September 19, 2019 at 8:32 am #313079HrishabParticipant
I know that he died because of me.
I thought it was a mild cause, but it became something I couldn’t control. We saw him wither slowly. Maybe being in an average income family was the cause? Or I was careless. Yes , I was careless.
Every morning when I wake up ,I tell myself that I killed him. He died because of me.
Only this can keep me sane. I never regretted getting him. Its just , he kept my disoriented family togather.
Fluffy was just 9 yrs old. He had half of his life squandered by me! In my country ‘India’ , ‘it is illegal to euthanize any living being’,they say.
The only pain was that , in his last moments, I wished that he could die quickly. His pain was unbearable for him as well as us. We were ready to pay our family vet for putting him down. But he rejected it.
Maybe the money was less, I don’t know. But I know that his death could be totally avoidable, if we were a little alert and wealthy. I remembered the moment when he turned from a living to a non-living. He showed me that death is a curse not a blessing. He showed me that animals do have a soul, but it is more pure than ours.

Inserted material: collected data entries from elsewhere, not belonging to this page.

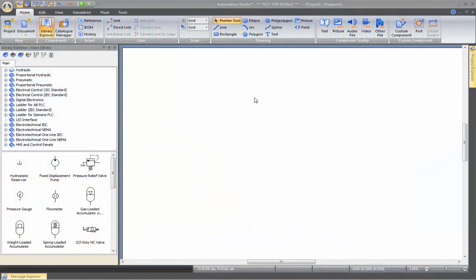Hi. Welcome to this video on shortcuts for Automation Studio. First of all, let's build a basic hydraulic circuit.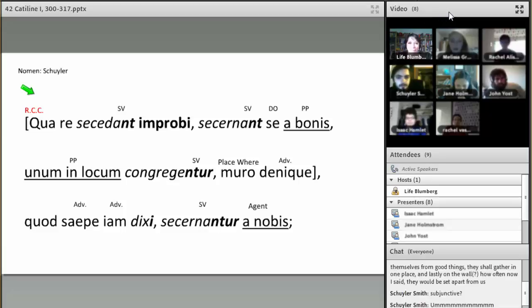For both of these options, all participants must be logged on the system at the same time.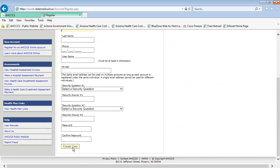Providers will receive a separate notification within three to five business days with your confirmation code. For technical assistance with the Access Online portal, providers can contact the ISD Customer Support Desk at 602-417-4451, or you may email that department at isdcustomersupport@azaccess.gov.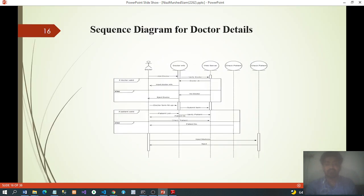Sequence diagram for doctor details: Doctor → Doctor Info → Web Server → Check Patient. Add Doctor → Verify Doctor: if condition — doctor is valid: Doctor OK, input doctor info; else: no doctor, reject. Doctor form fill up, submit form. If patient valid: Patient List → Verify Patient: patient OK, check patient; else: patient no, reject. Then input medicine.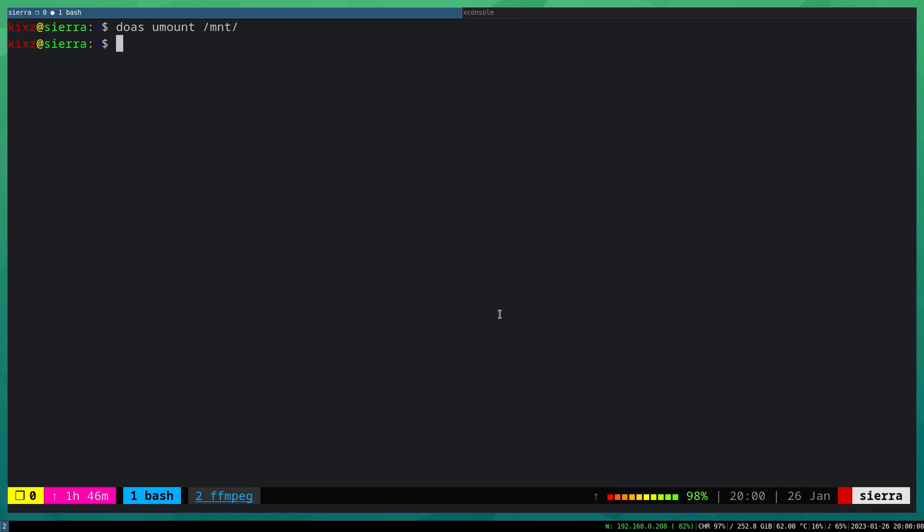A simpler syntax to mount in case that you have only one device connected is doas SimpleMTPFS. You can just directly pass the mounting point without specifying the device number. And this is simpler. So allow_other. This one is easier to remember and memorize.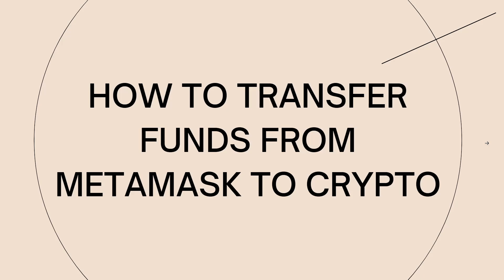Welcome, so in this tutorial I'm going to show you how to transfer funds from MetaMask to Crypto. If you want to know how I did it, just keep on watching.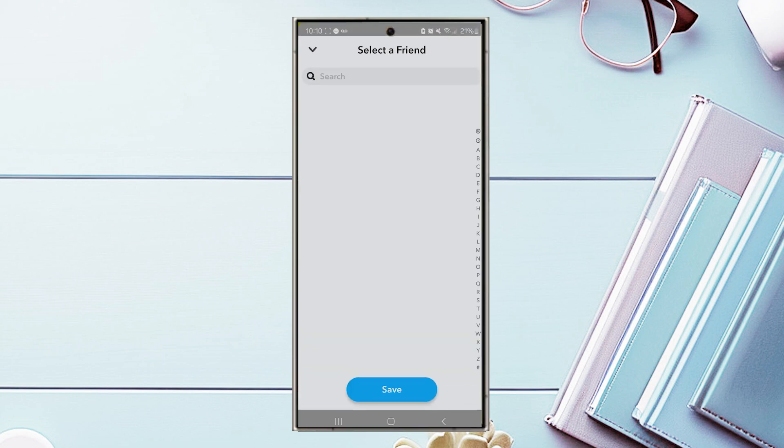And there you have it, everyone. Just a quick tip on how to add the Snapchat widget to your home screen on the S24 series of phones.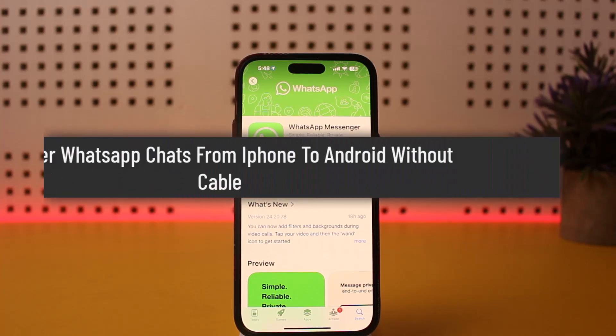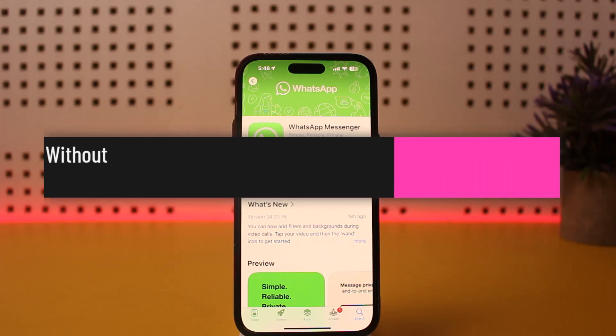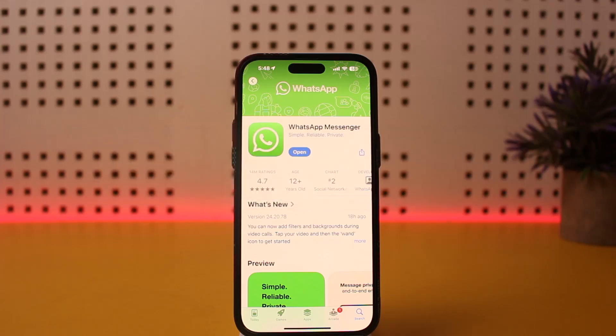Hello everybody, welcome back to my channel. This is me, Pippen Bisnet, and today I'll guide you on how you can transfer WhatsApp chats from iPhone to Android without cable.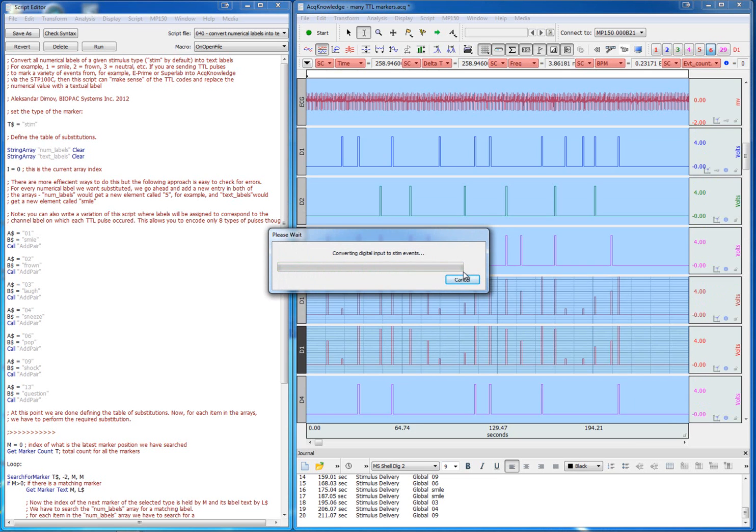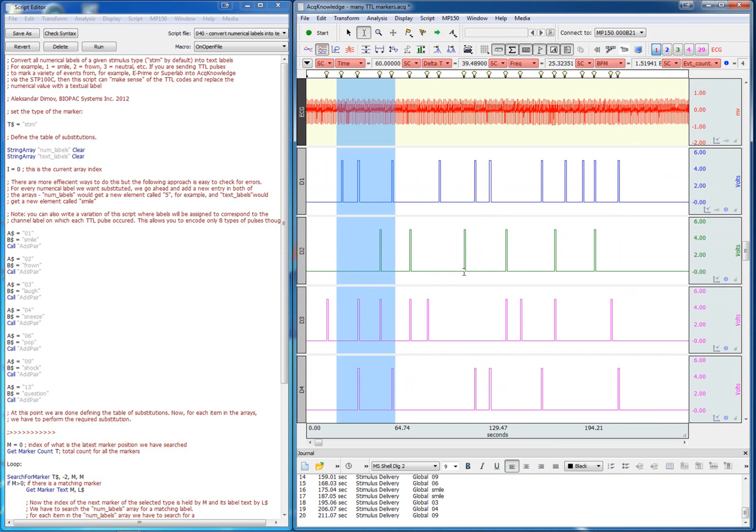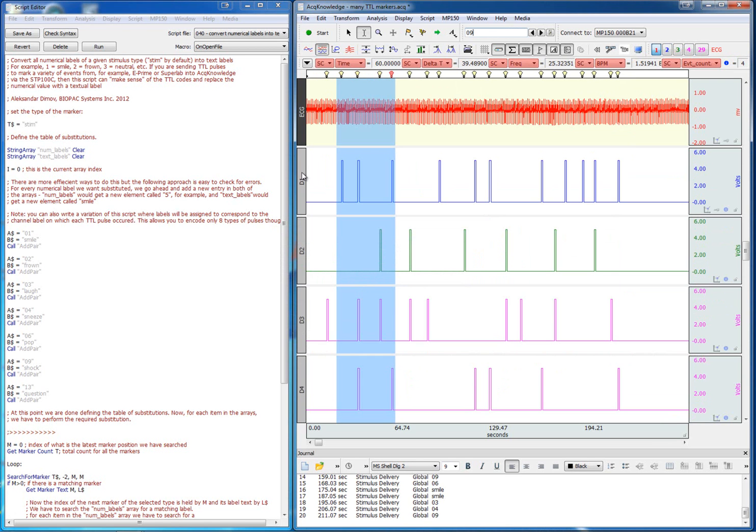The software extracts stimulation markers such as these light bulbs here. These are markers of the stimulation event type and they have numerical labels. These numerical labels correspond to different types of stimulation events.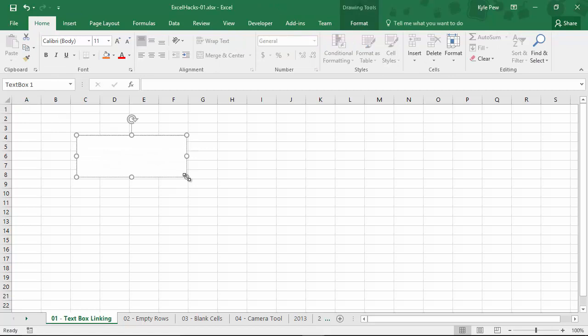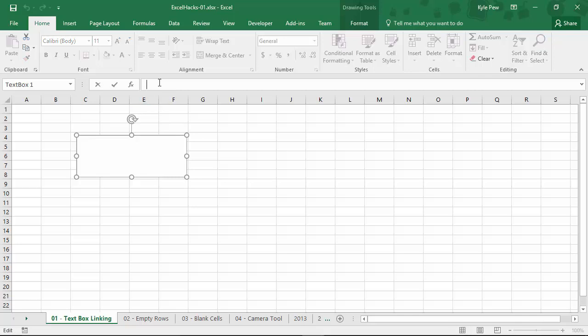Now, typically with the text box, you would then type in some value. Maybe you're going to use this as a header or a callout or something to draw attention to for your users. But here, rather than typing something into the text box, I'm just going to have the text box selected. That's it. I'm going to go up to my formula bar at the top of my screen, and I'm going to type in equals.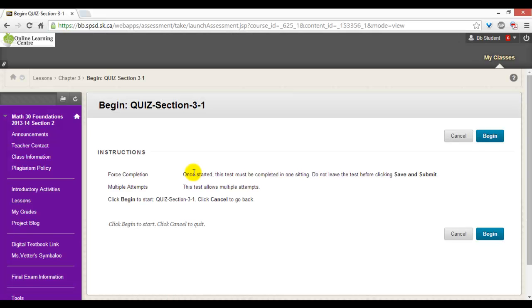Before you begin, you will be given instructions. It will tell you how many attempts and whether you have to complete it in one sitting or not. Click begin.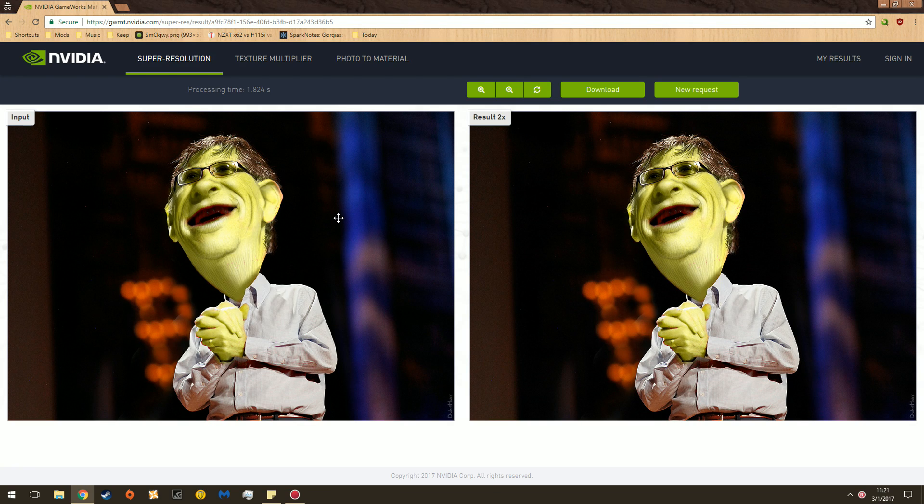I don't think NVIDIA expected me to super sample this. Oh well.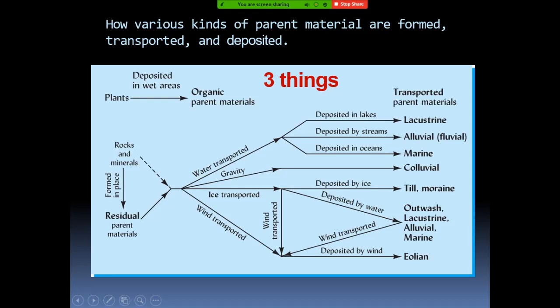If the soil is transported by gravity — just falling down — then we call it colluvial. If transported and deposited by ice, we call it till. If transported by ice but then deposited by water — meaning the ice melts — it can be lacustrine if at a lake, alluvial if at streams, or marine if at the ocean. The material can also be transported by winds, and we call that aeolian. If wind deposits it at a lake, stream, or ocean, it is called lacustrine, alluvial, or marine respectively.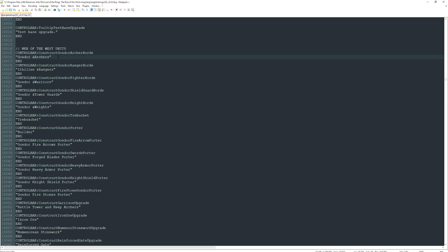If you want to change a hotkey — say you want Gondor Archers to be on C — all you have to do is erase the '@' symbol in front of the A and place the '@' symbol in front of C instead. Now the hotkey will be C. Make sure you save after making a change — click the save button or floppy disk icon in the top left. Once you load back into the game, Gondor Archers will be produced with hotkey C. If you want to undo, press Ctrl+Z and then save again.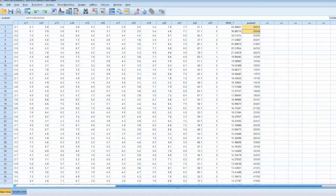That is how to detect outliers using SPSS. Thank you, and bye now.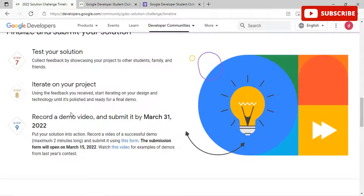You also need to identify your solution and design both the front-end interface and back-end technology. In the fifth step, design the user interface — start thinking about how a user will interact with the solution. Watch the provided video to learn more about designing an interface. Once done, follow the learning paths on the resources page to plan and design the back-end technology for your solution.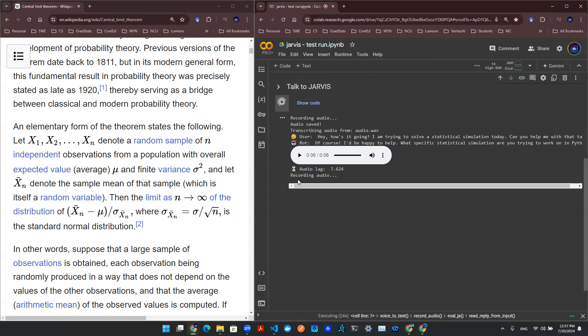Let's start with the data. Let's say I have x1 to xn, that's a random n samples independent observation with a mean mu and finite variance.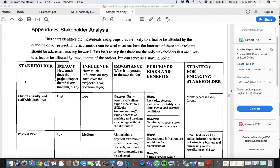So first of all, the name of the stakeholder. If you can be specific, it's great. In this case, 'students, faculty, and staff with disabilities' is a specific stakeholder. So that's well done.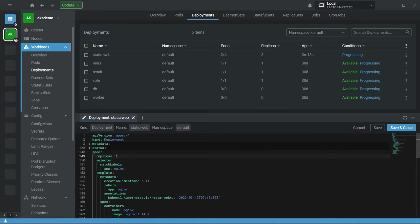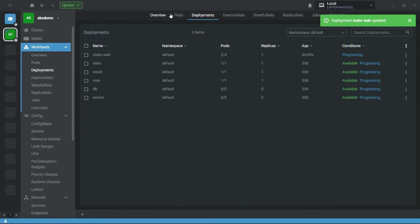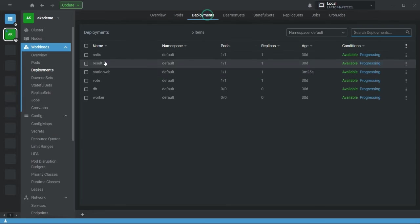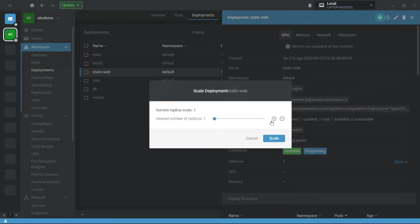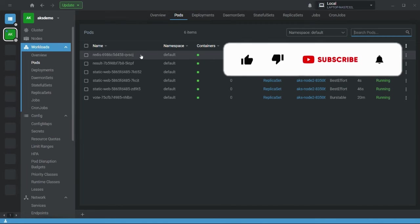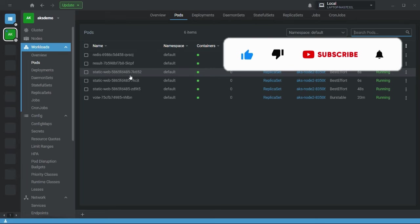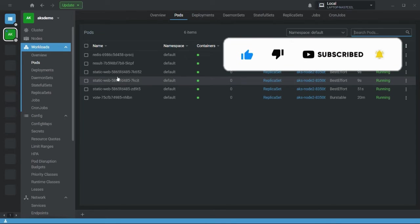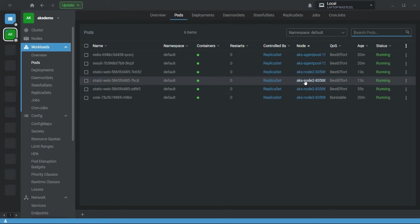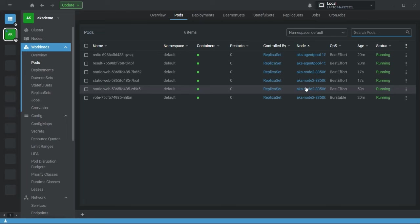Let me first set the replica count to one and terminate all existing pods. Now let me increase the replica count. You can see that pod affinity will make sure all replicas of your pod are running on the same node. Based on your requirement, you can go with either pod affinity or pod anti-affinity.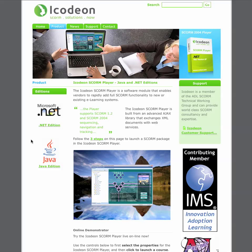Hi, this is John Bush, the Development Manager of the rSmart Group. I'm going to be doing a quick demo of the iKodian SCORM Player tool as it's integrated into Sakai.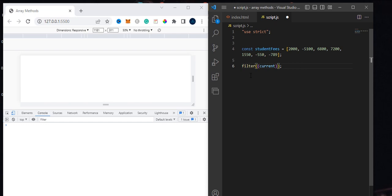The filter method also takes in a callback function, so you can either use a function declaration or an arrow function. It depends on you and what's easy to use. I prefer to use an arrow function sometimes and sometimes a function declaration, depending on how much code I want to execute. For a one-line code, I'll use an arrow function.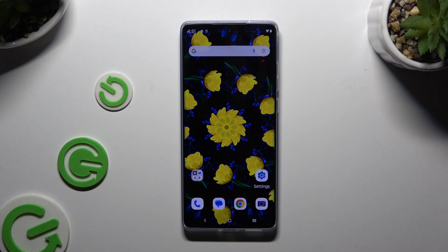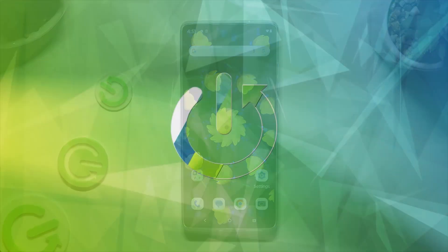In front of me is the Motorola Moto G85, and today I would like to show you how you can open apps in split screen view.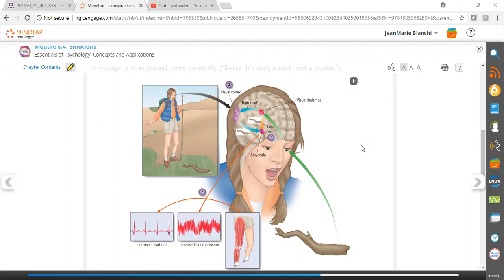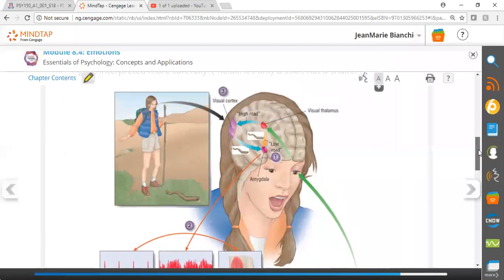Joseph LeDoux posits a two-pathway or dual pathway model of fear. He argues that there are two different pathways in the brain by which emotions can be processed. He calls these two pathways the low road and the high road.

I know that he will never blame us. But I will never forget my sin.
He showed me god was never in humans. We couldn’t afford the medicines at the right time.
We couldn’t get a better treatment, because of money.
Our god left with him.
Sorry for the inconvenience.
Thankyou for reading . At least I can share my real feelings here. Than you for creating this site.September 19, 2019 at 9:18 am #313093anitaParticipant
What an amazing post, how deep, insightful, soulful and painful.
1. About money: “Maybe being in an average income family was the cause…his death could be totally avoidable, if we were a little alert and wealthy… We couldn’t afford the medicine at the right time.. We couldn’t get a better treatment, because of money”
2. About euhanasia: “In my country ‘India’, it is illegal to euthanize any living being.. I wished that he could die quickly. His pain was unbearable for him as well as us. We were ready to pay our family vet for putting him down. But he rejected it. Maybe the money was less”.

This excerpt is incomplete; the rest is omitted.